Puede atestiguarlo Zulma Ojeda de Garbuio, la madre de Carlos, un joven de la edad del hijo de la Presidenta, que murió en el primer vagón de la formación, allí donde ella sube cada tanto para adivinar qué hubiera pasado si su hijo hubiera corrido la frente un milímetro más y hubiera tenido una chance, para contemplar el paisaje de paredes cargadas de grafittis que sus ojos vieron por última vez.
A escasas semanas de la tragedia, Cristina Fernández la mandó llamar. La recibió junto a Mariana Larroque, hermana de Andrés, “el Cuervo” Larroque, dirigente de La Cámpora. En el preámbulo, como ignorándola, las dos funcionarias hablaron de extensiones de pelo y de carteras. Zulma introdujo una cuestión molesta: su desgarro. La Presidenta, con un gesto de estar de vuelta de todo, le respondió: “Vos hablás desde el dolor pero todavía no sabés de qué se trata”.
Zulma escribe papelitos para advertir a otros jóvenes como su hijo que no se dejen masacrar. La gente, en ocasiones, se los agarra y le da dinero: cree que es una pordiosera. Vaya, quizás sí: pide justicia. Zulma quedó impactada con la fría distancia de la jefa de Estado.
Y es imprescindible preguntarse, ahora, ¿ de qué pasta está hecha Cristina Elizabet Fernández de Kirchner? La madre de Carlos tiene una contestación al acertijo: “De mármol, señora”. Narciso se enamoró de la imagen que le devolvía el agua. Incapaz de ver otra cosa que su rostro, se inclinó en el lago hasta sumergirse. Se ahogó en su propio, pobre, esplendor.
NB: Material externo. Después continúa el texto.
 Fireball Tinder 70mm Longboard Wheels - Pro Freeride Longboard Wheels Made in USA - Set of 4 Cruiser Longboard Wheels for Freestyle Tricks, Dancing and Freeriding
Cuentan que la Presidenta se ha hecho proyectar una veintena de veces The Queen , el film en el que Hellen Mirren personifica a la Reina de Inglaterra. La Presidenta, es probable, estudie su modo de lejanía, de sobrevolar con la mirada. Allí, cree esta muchacha de Tolosa, reside lo mayestático. Ignora, por cierto, lo que Elizabeth II le deberá siempre a Mirren: el poder, la distancia, el control de las emociones son una carga pesada. Están, pero no a la vista. Son una lava contenida, no una mutilación.